~基本的すぎてあまり紹介されない、ちょっと便利なTips紹介~
『Houdiniかんたんレシピ』は、Houdiniを使っていく上で、基本的なことですが基本すぎてチュートリアル等で紹介されないような、ちょっとしたTipsや、ニッチな機能を紹介していくシリーズです。
かんたんレシピ第13回目は、Ramp vs チャンネルカーブです。
カーブを元にアトリビュートを制御する時に、FloatのRampパラメーターを使うことがあると思います。
しかし、RampパラメータのFloatカーブは自由な形を作るのが大変だと思いませんか?

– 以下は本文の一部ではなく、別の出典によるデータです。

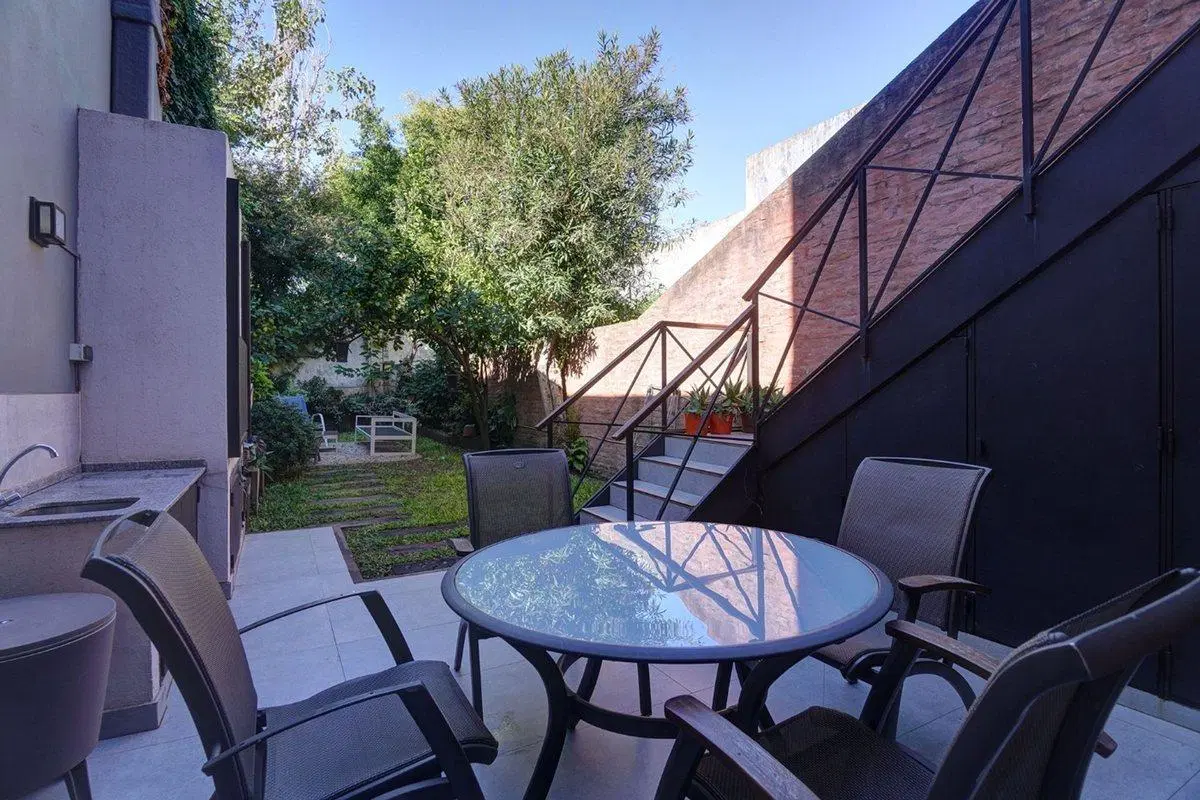VENTA TRIPLEX BELGRANO R - 5 AMB CON DEPENDENCIA 5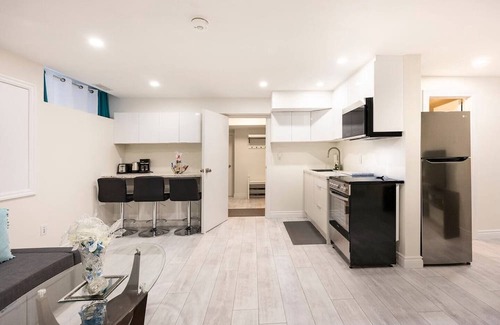 Newmarket Haus | New Private & Clean Suite in Newmarket, ON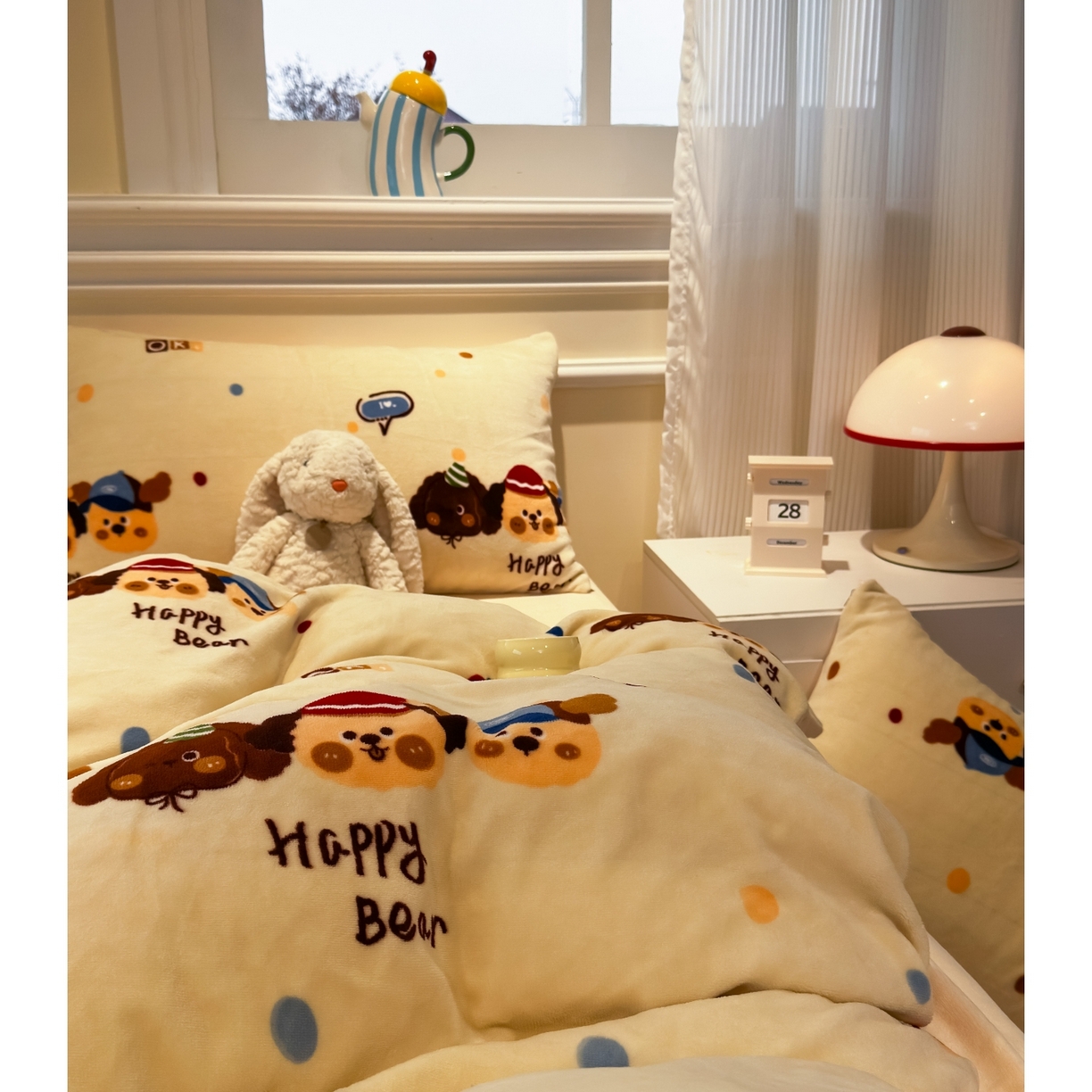 91家纺网 家纺一手货源 找家纺 yyds网供 2025新款牛奶绒四件套ins风加厚床品卡通印花三件套双面法兰绒秋冬保暖不静电 风格二 旺旺乐狗波点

Rampパラメータができる以前は、エクスプレッションを使ってチャンネルカーブを元にアトリビュートを制御するといったことをしていました。
そこで今回はRampとチャンネルカーブのそれぞれの使い方と、比較をしていきたいと思います。
Rampとチャンネルカーブの比較
Ramp
- VOPでもWrangleでも使用可能で処理が早い。
- カーブ形状のアニメーションができる。
- ランプを作るWindowが狭い。
- ランプカーブを0~1の範囲内で作る必要がある。
- ランプ形状の補間方法が使いづらい。
- 拡大ができないので細かいカーブを作るのが難しい。
チャンネルカーブ
- Animation Editorが使用できるため、カーブの形状を作りやすい。
- 拡大縮小が自由自在。
- 数値も自由に設定できる。
- VOPでは使用できない。
- カーブ形状のアニメーションが簡単にはできない。
Rampパラメータでは、細かいカーブが比較的作りづらいと思います。
実際の使用例(グリッドの変形)
○Expressionの場合
どちらの場合もPoint-Old SOPを使って、Spareパラメーターを作ってそれを参照します。
同じような形状になるように設定しています。
- Rampを使う
Rampパラメータを作って、chramp()で参照します。
Rampの場合は、先程の比較にもあった通り、数値の範囲を0~1にする必要があるので、Expressionの方で整形しています。
- チャンネルカーブとchf()を使う
floatパラメータを作り、キーフレームでチャンネルカーブを作って、chf()で参照します。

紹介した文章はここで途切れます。